For more inspiring plant-based recipes, check out our collection of Best Vegan Pepper Jack Cheese Slice Recipe for Melty Flavor to add a cheesy touch to your meals.
Happy baking — your next favorite dairy free pie awaits!
📖 Recipe Card: Dairy Free Apple Pie
Description: A classic apple pie made without any dairy products, perfect for those with lactose intolerance. This recipe uses coconut oil and almond milk for a rich, flaky crust and a sweet, spiced filling.
Prep Time: PT30M
Cook Time: PT50M
Total Time: PT1H20M
Servings: 8 servings
Ingredients
- 2 1/2 cups all-purpose flour
- 1/2 cup coconut oil, solid
- 1/4 cup almond milk, cold
- 1/4 cup ice water
- 6 cups peeled and sliced apples (Granny Smith or Fuji)
- 3/4 cup brown sugar
- 2 tablespoons cornstarch
- 1 teaspoon ground cinnamon
- 1/4 teaspoon ground nutmeg
- 1 tablespoon lemon juice
- 1 teaspoon vanilla extract
- 1/4 teaspoon salt
Instructions
- Preheat oven to 375°F (190°C).
- In a bowl, mix flour and salt.
- Cut in coconut oil until mixture resembles coarse crumbs.

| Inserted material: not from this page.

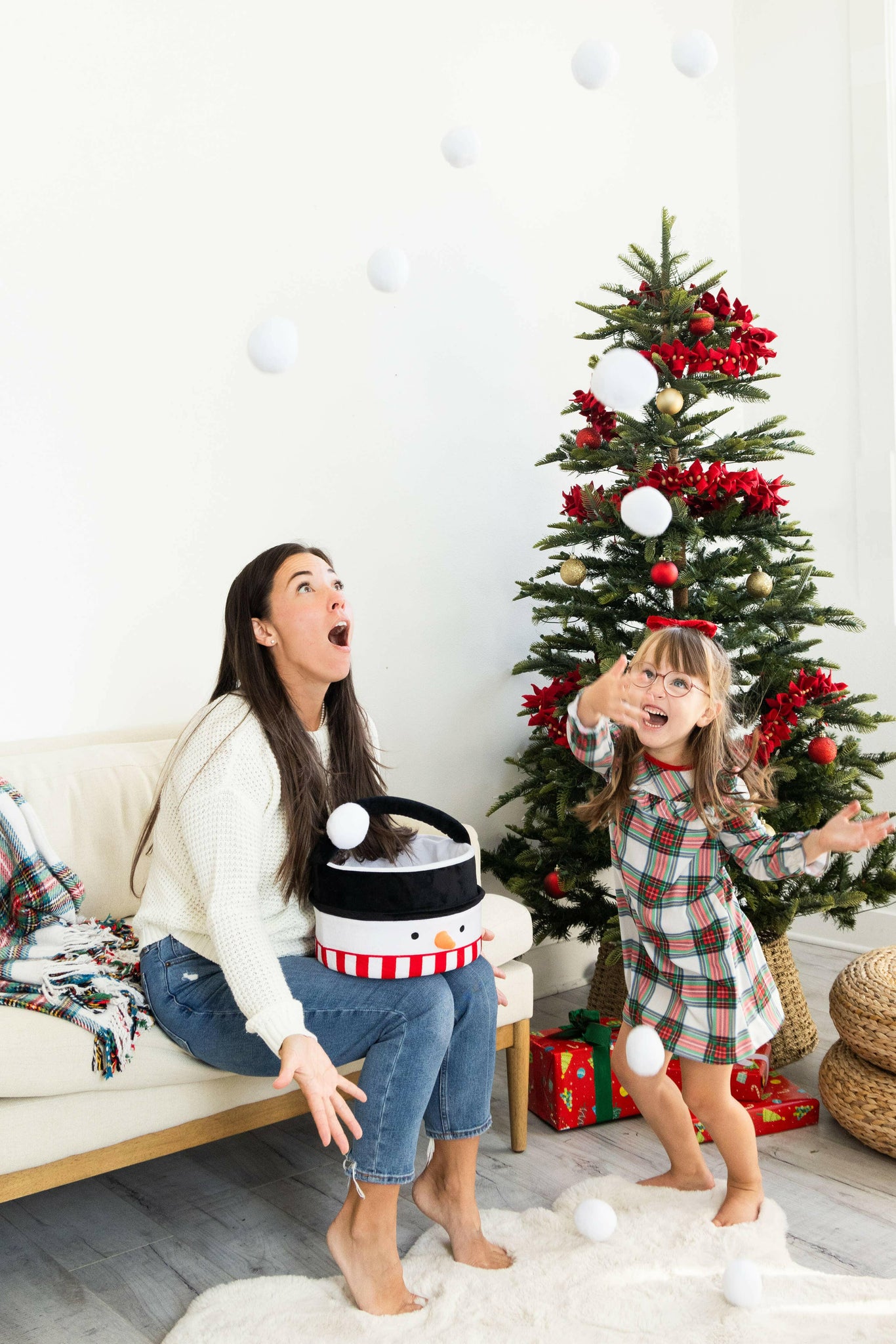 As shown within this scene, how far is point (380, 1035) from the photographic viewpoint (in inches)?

- Add almond milk and ice water; mix until dough forms.
- Divide dough in half; roll out one half for bottom crust.
- Place crust in pie dish; set aside.
- In a bowl, combine apples, sugar, cornstarch, cinnamon, nutmeg, lemon juice, and vanilla.
- Pour apple mixture into crust.
- Roll out second half of dough for top crust; place over filling.
- Seal edges and cut slits for steam release.
- Bake for 50 minutes or until crust is golden and filling is bubbly.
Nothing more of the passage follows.